December 15--Bill of Rights Day, 222 Years

Celebrate it by learning to enforce the whole constitution.  Advice from James Madison.


The Tenth Amendment Center, December 15, 2013
222 years ago today, the Bill of Rights was given "life."  But it has no meaning if we just talk about it one day each year.   For us at the TAC, Bill of Rights Day is every day.  And our goal is to educate people on how to enforce the entire Constitution.

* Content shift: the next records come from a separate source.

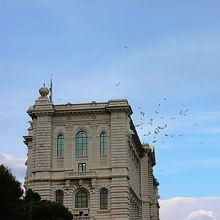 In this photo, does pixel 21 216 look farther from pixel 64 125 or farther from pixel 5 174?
pixel 64 125

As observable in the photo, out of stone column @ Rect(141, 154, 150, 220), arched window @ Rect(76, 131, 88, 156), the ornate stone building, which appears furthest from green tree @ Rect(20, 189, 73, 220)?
stone column @ Rect(141, 154, 150, 220)

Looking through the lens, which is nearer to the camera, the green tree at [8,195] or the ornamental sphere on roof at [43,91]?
the green tree at [8,195]

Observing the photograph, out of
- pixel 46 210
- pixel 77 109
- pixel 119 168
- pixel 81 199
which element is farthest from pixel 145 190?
pixel 46 210

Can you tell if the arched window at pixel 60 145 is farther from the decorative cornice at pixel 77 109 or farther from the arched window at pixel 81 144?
the decorative cornice at pixel 77 109

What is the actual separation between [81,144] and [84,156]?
1657 mm

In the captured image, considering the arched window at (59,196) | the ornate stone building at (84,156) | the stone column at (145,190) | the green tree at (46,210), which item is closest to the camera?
the green tree at (46,210)

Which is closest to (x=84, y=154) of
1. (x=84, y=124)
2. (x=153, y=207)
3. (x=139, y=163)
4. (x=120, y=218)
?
(x=84, y=124)

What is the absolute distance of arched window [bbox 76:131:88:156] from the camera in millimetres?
81812

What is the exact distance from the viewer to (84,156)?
81.4 metres

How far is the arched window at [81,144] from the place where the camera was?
268ft

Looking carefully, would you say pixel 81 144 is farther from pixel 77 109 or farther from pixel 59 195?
pixel 59 195

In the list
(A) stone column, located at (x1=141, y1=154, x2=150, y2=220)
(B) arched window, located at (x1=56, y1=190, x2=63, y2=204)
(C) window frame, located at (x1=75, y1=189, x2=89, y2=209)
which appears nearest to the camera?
(C) window frame, located at (x1=75, y1=189, x2=89, y2=209)

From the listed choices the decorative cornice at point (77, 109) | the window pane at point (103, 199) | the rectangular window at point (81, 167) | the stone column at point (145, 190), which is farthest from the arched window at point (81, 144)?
the stone column at point (145, 190)

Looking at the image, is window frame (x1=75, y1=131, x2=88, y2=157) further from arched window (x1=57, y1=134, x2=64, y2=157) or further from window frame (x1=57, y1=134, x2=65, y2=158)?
arched window (x1=57, y1=134, x2=64, y2=157) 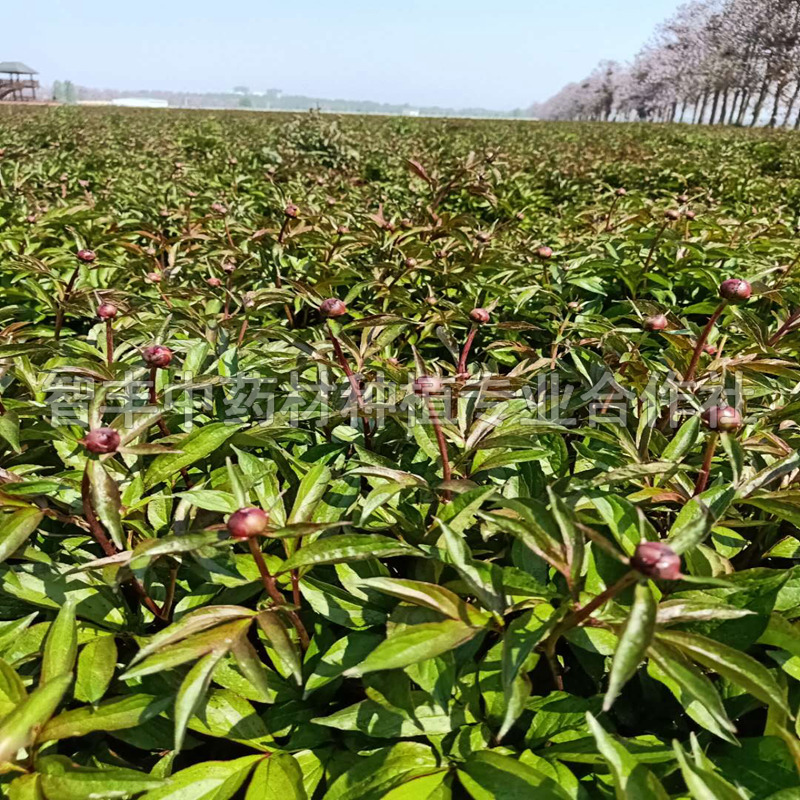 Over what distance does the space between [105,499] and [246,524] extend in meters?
0.30

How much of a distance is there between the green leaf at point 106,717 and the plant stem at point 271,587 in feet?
0.72

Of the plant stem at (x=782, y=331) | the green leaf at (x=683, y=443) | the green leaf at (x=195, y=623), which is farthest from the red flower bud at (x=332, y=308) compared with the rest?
the plant stem at (x=782, y=331)

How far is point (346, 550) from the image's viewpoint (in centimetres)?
101

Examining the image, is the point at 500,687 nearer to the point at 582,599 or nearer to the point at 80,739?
the point at 582,599

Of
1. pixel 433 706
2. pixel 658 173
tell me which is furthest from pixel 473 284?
pixel 658 173

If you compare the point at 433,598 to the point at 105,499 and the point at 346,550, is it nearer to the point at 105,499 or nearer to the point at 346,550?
the point at 346,550

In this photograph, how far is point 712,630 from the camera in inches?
40.9

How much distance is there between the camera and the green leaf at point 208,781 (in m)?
0.96

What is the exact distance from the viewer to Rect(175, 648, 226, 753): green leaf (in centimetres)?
82

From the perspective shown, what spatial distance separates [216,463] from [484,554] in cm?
63

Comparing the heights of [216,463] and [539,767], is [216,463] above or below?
above

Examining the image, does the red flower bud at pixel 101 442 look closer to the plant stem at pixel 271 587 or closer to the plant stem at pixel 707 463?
the plant stem at pixel 271 587

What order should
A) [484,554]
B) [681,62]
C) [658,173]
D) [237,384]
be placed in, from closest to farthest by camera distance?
1. [484,554]
2. [237,384]
3. [658,173]
4. [681,62]

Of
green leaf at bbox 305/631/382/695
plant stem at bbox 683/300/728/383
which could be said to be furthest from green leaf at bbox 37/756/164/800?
plant stem at bbox 683/300/728/383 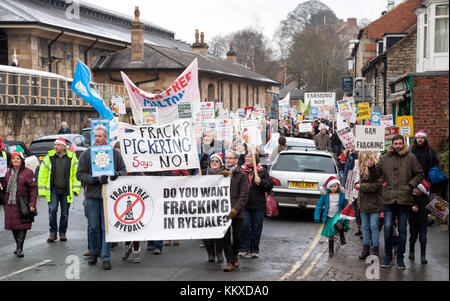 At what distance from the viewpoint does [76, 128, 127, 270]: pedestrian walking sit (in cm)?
940

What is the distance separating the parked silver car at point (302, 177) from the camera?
14078 millimetres

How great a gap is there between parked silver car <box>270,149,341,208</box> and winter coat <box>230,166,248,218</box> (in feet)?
15.1

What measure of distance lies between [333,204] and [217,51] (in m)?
90.4

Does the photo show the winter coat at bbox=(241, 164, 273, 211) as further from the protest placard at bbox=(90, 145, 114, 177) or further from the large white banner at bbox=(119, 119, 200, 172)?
the protest placard at bbox=(90, 145, 114, 177)

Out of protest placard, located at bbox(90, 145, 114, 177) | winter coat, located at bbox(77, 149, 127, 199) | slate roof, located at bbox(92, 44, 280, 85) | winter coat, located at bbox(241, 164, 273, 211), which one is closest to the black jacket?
winter coat, located at bbox(241, 164, 273, 211)

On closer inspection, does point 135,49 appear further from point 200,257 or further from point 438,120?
point 200,257

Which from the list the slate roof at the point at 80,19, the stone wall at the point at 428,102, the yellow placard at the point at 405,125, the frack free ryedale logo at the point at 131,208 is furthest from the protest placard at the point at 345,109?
the slate roof at the point at 80,19

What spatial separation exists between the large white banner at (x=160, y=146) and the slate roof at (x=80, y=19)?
33.2 m

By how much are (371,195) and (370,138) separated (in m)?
2.70

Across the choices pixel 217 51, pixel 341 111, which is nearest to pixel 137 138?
pixel 341 111

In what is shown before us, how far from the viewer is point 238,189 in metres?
9.38

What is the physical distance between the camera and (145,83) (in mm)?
50750

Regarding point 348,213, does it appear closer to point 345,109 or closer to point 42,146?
point 345,109

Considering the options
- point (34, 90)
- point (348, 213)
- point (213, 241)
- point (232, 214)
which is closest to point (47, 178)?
point (213, 241) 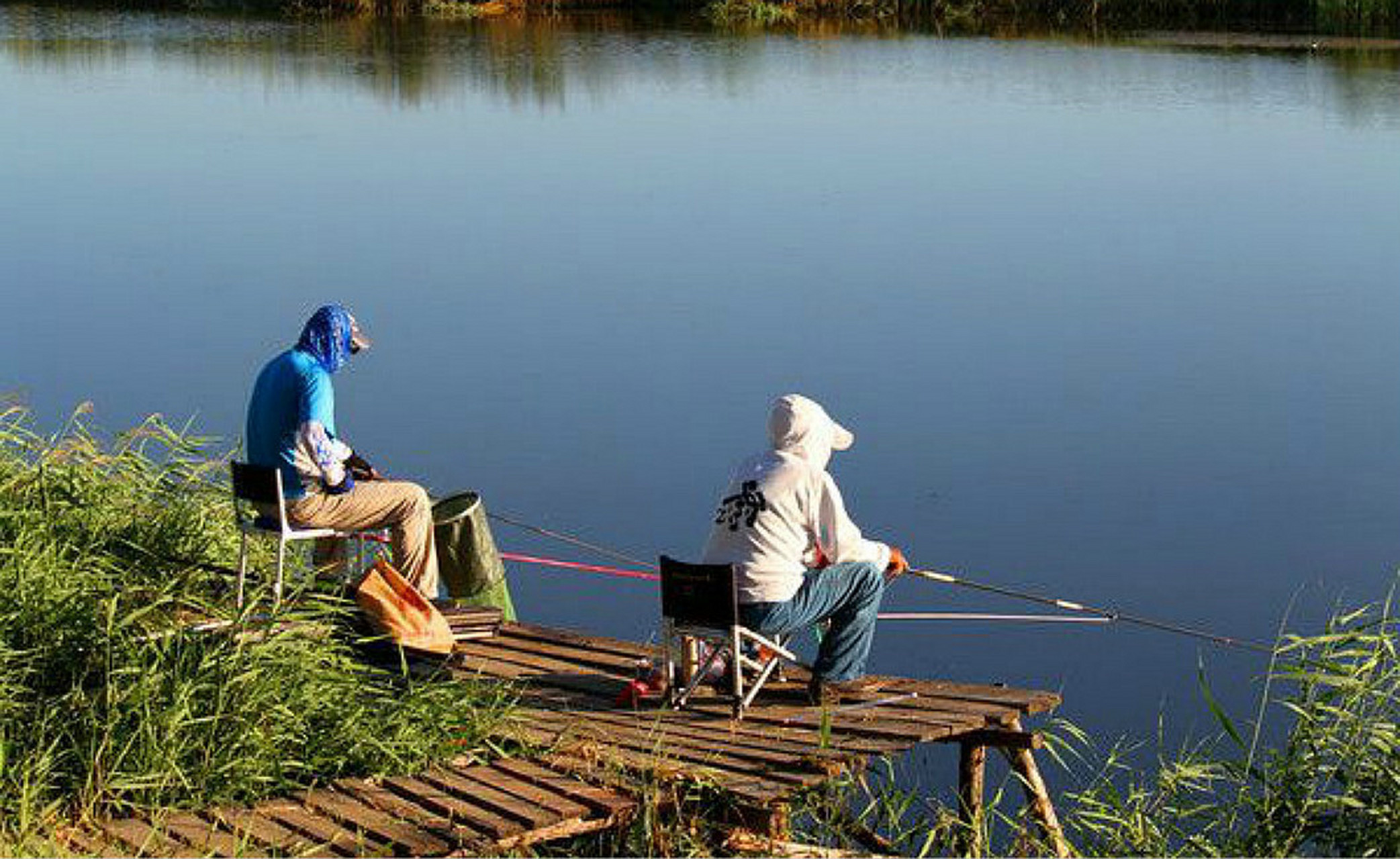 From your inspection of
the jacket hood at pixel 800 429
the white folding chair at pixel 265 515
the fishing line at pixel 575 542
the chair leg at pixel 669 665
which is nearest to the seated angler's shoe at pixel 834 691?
the chair leg at pixel 669 665

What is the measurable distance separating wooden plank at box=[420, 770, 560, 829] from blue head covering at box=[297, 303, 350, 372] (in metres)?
1.70

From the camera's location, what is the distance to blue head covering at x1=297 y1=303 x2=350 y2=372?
701 centimetres

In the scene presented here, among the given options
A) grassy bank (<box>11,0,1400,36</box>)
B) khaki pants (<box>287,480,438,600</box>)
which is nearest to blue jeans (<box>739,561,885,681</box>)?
khaki pants (<box>287,480,438,600</box>)

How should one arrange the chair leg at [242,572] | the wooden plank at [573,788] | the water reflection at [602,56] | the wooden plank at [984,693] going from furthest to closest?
the water reflection at [602,56]
the chair leg at [242,572]
the wooden plank at [984,693]
the wooden plank at [573,788]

Today, we encourage you to read, learn and share - James Madison's wisdom:
A good place to start in determining how to enforce the Constitution is with the guy who’s commonly referred to as the “Father of the Constitution.”  While there’s some debate that James Wilson was actually far more fitting of that title, Madison was obviously quite influential.
The essential question: When the federal government violates the constitution, what do you do about it?
Here’s what Madison had to say in Federalist #46. The Influence of the State and Federal Governments Compared:

“Should an unwarrantable measure of the federal government be unpopular in particular States, which would seldom fail to be the case, or even a warrantable measure be so, which may sometimes be the case, the means of opposition to it are powerful and at hand. The disquietude of the people; their repugnance and, perhaps refusal to cooperate with officers of the Union, the frowns of the executive magistracy of the State; the embarrassment created by legislative devices, which would often be added on such occasions, would oppose, in any State, very serious impediments; and were the sentiments of several adjoining States happen to be in Union, would present obstructions which the federal government would hardly be willing to encounter.”